When the line containing "Step three: start" is found in the data below, copy it and each line after it through the line containing "Next is our", exactly and with no others.

Stored data —
**********
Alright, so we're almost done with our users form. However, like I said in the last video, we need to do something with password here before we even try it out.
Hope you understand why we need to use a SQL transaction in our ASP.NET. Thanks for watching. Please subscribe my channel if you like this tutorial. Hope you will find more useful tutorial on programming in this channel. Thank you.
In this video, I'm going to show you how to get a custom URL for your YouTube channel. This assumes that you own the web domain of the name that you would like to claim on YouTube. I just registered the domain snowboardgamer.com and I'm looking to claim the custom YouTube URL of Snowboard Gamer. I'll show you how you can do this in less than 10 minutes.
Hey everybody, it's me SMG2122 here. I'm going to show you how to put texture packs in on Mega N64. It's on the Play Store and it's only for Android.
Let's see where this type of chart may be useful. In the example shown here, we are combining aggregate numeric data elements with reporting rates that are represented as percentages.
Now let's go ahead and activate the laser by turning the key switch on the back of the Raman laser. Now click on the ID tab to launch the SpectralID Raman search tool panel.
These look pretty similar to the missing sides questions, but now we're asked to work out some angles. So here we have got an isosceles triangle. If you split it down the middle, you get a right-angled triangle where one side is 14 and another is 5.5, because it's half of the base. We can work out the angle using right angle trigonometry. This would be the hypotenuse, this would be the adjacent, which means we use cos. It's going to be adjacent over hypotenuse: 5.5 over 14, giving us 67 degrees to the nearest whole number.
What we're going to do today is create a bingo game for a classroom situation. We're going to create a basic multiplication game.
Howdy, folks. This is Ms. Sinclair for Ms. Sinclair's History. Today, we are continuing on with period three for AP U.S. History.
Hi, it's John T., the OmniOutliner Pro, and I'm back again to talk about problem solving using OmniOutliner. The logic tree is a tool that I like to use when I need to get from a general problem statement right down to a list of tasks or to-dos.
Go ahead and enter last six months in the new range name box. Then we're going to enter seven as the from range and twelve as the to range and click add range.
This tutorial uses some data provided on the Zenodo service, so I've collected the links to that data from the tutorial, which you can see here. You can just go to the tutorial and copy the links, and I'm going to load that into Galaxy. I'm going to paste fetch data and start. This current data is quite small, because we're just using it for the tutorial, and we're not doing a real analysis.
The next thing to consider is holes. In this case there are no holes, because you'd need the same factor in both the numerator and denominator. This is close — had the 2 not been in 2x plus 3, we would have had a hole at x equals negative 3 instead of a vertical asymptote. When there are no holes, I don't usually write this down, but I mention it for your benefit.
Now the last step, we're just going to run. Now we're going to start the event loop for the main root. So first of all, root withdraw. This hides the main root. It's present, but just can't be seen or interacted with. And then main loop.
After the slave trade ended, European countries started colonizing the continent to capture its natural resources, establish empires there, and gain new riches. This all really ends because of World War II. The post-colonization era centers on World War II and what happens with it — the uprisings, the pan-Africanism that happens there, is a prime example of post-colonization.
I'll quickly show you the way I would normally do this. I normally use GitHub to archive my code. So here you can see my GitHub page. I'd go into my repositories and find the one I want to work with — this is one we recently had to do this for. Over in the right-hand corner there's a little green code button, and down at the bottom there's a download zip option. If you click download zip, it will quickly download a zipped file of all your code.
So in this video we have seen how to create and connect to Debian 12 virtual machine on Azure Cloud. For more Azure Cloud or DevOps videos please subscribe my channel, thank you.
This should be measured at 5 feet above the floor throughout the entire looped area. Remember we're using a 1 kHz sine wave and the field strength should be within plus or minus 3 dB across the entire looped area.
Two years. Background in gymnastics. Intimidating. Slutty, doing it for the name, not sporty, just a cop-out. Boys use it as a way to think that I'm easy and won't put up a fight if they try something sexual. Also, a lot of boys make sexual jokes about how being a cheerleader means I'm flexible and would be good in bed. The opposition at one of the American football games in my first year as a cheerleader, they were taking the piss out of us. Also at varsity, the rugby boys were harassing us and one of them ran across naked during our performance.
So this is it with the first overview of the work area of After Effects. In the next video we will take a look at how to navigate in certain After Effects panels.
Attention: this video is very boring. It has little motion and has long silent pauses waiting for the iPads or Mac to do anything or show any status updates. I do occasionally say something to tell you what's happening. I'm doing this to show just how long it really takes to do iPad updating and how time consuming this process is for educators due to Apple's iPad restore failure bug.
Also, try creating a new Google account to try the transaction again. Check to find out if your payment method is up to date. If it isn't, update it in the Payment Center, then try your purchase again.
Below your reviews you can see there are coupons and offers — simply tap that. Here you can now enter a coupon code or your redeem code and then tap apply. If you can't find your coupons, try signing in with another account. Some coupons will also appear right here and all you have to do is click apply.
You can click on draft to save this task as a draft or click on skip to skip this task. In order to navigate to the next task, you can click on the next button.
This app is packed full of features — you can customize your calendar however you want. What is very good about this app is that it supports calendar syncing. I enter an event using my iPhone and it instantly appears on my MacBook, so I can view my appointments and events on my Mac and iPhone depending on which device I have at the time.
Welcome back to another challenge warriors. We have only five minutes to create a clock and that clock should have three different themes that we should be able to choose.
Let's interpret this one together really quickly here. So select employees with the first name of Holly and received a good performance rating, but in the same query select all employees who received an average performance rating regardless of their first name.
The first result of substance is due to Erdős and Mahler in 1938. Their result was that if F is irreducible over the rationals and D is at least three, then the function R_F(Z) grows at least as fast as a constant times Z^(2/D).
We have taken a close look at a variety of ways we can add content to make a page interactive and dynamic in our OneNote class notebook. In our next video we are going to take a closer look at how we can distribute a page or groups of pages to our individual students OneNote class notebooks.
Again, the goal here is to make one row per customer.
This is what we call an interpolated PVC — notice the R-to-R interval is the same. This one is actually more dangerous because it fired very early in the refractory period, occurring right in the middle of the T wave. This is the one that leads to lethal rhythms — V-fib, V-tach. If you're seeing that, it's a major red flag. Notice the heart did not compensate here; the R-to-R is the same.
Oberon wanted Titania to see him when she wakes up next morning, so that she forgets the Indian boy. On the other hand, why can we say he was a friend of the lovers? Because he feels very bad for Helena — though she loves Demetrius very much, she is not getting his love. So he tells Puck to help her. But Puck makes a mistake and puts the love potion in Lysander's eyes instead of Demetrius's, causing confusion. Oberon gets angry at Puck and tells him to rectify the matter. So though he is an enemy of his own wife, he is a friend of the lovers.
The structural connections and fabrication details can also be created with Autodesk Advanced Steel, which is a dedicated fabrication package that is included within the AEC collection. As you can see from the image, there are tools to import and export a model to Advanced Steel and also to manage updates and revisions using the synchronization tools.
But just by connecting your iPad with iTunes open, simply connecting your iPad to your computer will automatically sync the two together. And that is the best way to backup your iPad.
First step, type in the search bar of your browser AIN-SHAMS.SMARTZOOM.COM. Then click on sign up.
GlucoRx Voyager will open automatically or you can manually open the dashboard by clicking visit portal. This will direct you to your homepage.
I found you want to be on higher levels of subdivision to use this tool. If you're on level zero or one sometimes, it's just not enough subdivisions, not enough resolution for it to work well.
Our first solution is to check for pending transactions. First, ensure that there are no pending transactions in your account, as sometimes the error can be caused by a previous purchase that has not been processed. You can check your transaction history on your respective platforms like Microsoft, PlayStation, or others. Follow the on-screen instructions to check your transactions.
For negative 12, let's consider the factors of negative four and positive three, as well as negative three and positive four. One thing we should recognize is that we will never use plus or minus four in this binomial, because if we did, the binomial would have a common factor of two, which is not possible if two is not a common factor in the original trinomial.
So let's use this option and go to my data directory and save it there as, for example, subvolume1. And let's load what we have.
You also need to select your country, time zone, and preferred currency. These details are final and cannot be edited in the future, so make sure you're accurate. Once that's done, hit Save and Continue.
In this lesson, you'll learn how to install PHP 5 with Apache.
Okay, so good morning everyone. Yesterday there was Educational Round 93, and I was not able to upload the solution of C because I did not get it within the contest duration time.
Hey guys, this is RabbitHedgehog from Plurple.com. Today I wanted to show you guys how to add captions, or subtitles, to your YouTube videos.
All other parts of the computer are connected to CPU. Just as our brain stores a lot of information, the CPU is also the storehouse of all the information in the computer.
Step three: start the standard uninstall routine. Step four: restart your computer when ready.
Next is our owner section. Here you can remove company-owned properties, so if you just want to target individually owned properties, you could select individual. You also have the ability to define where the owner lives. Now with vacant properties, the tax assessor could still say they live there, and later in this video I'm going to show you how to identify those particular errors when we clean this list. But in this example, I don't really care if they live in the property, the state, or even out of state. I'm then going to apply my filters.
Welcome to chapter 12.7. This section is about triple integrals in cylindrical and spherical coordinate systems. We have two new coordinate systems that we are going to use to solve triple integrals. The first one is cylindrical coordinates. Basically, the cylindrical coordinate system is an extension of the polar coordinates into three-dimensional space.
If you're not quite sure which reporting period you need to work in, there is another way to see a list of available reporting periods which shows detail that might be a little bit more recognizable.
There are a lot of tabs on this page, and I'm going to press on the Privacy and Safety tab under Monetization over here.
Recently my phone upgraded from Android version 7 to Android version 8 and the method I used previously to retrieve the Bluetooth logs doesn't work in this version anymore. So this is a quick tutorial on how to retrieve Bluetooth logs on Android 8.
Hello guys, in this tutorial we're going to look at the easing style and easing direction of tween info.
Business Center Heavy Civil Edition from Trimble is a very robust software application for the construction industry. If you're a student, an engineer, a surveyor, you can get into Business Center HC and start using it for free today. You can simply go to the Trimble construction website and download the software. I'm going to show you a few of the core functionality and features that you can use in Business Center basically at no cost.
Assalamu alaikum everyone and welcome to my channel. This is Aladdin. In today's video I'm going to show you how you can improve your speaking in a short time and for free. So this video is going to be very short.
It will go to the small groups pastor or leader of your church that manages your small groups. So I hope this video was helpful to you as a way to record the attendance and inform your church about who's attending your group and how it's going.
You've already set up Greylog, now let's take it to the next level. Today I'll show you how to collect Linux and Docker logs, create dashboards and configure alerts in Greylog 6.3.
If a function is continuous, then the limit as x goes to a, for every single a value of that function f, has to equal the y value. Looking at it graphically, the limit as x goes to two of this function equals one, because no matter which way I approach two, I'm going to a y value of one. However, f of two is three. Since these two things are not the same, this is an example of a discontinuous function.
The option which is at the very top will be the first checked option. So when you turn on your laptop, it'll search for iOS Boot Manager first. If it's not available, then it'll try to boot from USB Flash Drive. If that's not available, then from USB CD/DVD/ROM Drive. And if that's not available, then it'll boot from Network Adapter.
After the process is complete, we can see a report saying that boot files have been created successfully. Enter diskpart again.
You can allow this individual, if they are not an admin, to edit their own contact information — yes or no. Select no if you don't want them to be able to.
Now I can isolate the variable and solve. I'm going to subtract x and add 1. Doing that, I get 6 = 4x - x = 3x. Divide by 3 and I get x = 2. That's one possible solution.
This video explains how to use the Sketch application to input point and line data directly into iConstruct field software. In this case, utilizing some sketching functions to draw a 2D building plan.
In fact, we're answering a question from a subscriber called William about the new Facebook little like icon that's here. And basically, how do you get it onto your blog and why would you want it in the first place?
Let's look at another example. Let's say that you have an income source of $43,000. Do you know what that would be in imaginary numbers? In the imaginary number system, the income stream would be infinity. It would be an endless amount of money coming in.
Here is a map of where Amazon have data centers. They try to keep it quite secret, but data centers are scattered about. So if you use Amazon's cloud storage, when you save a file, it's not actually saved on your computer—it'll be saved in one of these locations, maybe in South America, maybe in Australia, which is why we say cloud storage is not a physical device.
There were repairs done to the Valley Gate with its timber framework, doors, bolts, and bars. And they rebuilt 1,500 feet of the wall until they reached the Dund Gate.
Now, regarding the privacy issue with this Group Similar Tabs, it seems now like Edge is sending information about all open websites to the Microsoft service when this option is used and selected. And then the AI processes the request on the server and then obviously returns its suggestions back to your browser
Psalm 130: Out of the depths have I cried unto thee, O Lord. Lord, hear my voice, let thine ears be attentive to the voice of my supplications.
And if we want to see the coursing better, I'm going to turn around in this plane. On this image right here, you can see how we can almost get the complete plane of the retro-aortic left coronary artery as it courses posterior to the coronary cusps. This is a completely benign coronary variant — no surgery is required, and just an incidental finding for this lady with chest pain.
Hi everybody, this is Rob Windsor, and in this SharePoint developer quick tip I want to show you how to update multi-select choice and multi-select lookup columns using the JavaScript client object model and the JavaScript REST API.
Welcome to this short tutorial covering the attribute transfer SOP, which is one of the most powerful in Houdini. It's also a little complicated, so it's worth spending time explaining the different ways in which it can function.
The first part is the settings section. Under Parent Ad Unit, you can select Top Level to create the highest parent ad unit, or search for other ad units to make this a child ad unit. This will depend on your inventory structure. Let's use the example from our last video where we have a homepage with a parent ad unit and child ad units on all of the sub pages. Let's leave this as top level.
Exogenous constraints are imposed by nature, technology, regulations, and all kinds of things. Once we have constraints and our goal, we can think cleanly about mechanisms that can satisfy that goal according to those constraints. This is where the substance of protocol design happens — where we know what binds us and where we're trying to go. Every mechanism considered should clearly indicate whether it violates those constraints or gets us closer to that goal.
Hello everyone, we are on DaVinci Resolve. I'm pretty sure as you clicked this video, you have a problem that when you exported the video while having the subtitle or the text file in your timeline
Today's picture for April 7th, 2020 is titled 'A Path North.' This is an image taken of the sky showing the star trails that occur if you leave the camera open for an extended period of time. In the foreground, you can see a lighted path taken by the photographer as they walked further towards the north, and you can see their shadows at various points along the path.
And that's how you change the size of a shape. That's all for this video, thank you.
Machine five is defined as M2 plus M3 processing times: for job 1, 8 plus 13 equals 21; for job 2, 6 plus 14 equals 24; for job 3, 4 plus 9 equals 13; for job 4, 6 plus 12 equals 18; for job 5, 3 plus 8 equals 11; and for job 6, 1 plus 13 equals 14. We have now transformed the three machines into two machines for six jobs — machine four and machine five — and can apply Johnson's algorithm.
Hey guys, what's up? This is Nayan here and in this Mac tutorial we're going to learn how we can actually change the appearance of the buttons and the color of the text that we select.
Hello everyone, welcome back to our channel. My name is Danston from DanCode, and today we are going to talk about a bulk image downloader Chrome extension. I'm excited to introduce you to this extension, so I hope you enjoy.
**********
Output of the exercise —
Step three: start the standard uninstall routine. Step four: restart your computer when ready.
Next is our owner section. Here you can remove company-owned properties, so if you just want to target individually owned properties, you could select individual. You also have the ability to define where the owner lives. Now with vacant properties, the tax assessor could still say they live there, and later in this video I'm going to show you how to identify those particular errors when we clean this list. But in this example, I don't really care if they live in the property, the state, or even out of state. I'm then going to apply my filters.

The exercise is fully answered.